Matteo Renzi vuole stringere la mano a Pisapia e al suo Campo Progressista ma gli alfaniani sono agguerriti, entrambi i partiti chiedono al governo l’uno l’abolizione dei superticket sanitari e l’altro il rinnovo del bonus bebè, altrimenti minacciano crisi di governo.

Gli uomini del Tesoro, con il viceministro dell’economia Morando in testa si rendono conto che i numeri non tornano, visto che le richieste costano un miliardo e mezzo, cinque volte di più lo stanziamento previsto fermo a 250-300 milioni. “Se ci dite no viene meno il progetto politico della nostra alleanza“, dice il rappresentante di Campo Progressista, il senatore Uras. “Possiamo rinunciare a tutto il resto, ma se salta il bonus bebè noi non votiamo la legge di Bilancio. Nemmeno con la fiducia”, così il coordinatore degli alfaniani, Maurizio Lupi.

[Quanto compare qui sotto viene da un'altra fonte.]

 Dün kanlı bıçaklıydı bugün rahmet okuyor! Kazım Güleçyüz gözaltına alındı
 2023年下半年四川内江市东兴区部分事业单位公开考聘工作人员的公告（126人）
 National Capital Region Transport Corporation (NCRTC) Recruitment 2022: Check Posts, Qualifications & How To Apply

Così non ce la facciamo. Così salta tutto“, dice Padoan ma la crisi poi è rientrata e il  bonus bebè tanto caro ad Ap rientra nella legge di Bilancio e verrà rifinanziato integralmente per il prossimo triennio, mentre il Governo e la maggioranza sarebbero al lavoro per provare ad ampliare la platea del superticket, un chiodo fisso di Campo Progressista. Sarebbe dovuto finire tutto lunedì prossimo ma gli emendamenti del governo saranno pronti per mercoledì  e il premier Paolo Gentiloni tira un sospiro di sollievo ma ammette laconico ai capigruppo che la legislatura è finita.

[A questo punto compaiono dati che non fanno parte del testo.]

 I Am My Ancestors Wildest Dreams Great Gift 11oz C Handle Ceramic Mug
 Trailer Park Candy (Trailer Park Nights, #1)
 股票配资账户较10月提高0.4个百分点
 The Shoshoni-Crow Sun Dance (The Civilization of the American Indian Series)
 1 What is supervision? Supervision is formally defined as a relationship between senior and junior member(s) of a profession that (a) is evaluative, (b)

Scampata la crisi, si pensa alle elezioni che si terranno a marzo e la data più probabile è il 18. Intanto Renzi continua a perdere punti nella classifica della fiducia ai leader italiani. Come indica un sondaggio Ixé diffuso oggi e pubblicato da Reteurs, il premier Paolo Gentiloni raccoglie il 39% dei consensi e Luigi Di Maio il 29%. Il segretario del Pd è superato dal candidato premier grillino Di Maio a inizio novembre, raccoglie il 25%, ed è stato raggiunto da Meloni.

Il Movimento Cinque Stelle si conferma primo partito, con il 28% delle dichiarazioni di voti, contro il 23,4% del Pd. Un sondaggio che arriva all’indomani della partecipazione di Renzi al programma Ottoemezzo della Gruber in cui sostiene  che la coalizione che il Pd metterà in campo sarà quella che avrà un risultato superiore al 30%, “spero vicino al 40″, dice l’ex sindaco di Firenze.

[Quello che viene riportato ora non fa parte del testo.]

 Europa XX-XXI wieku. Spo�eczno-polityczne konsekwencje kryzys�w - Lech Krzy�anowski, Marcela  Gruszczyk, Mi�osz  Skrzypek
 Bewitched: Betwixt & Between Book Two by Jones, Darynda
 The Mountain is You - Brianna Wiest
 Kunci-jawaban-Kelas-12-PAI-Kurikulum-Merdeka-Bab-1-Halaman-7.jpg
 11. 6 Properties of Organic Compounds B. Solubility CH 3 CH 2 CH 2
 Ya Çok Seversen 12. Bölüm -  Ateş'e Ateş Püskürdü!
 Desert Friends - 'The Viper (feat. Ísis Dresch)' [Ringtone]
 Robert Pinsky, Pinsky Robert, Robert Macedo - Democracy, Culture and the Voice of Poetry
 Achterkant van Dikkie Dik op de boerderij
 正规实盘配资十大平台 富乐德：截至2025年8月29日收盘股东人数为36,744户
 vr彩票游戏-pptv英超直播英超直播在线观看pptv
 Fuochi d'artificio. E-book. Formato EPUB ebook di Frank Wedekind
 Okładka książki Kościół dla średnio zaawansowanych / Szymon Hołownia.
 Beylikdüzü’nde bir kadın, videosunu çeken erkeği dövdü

“Con Campo progressista l’accordo ancora non è chiuso. Speriamo in un accordo con Campo progressista, Radicali e forze di centro per una coalizione di centrosinistra”.

Un altro papabile alleato che però si sfila dal gioco delle coalizioni è Massimo D’Alema che in un’intervista al Corriere della Sera, alla domanda se è impossibile l’alleanza con il Pd, ha risposto:

“Sarebbe stata necessaria una svolta radicale di grande impatto sull’opinione pubblica. Non modeste misure di aggiustamento, che ci hanno proposto a parole mentre ce le negavano nei fatti in Parlamento. Un negoziato surreale“.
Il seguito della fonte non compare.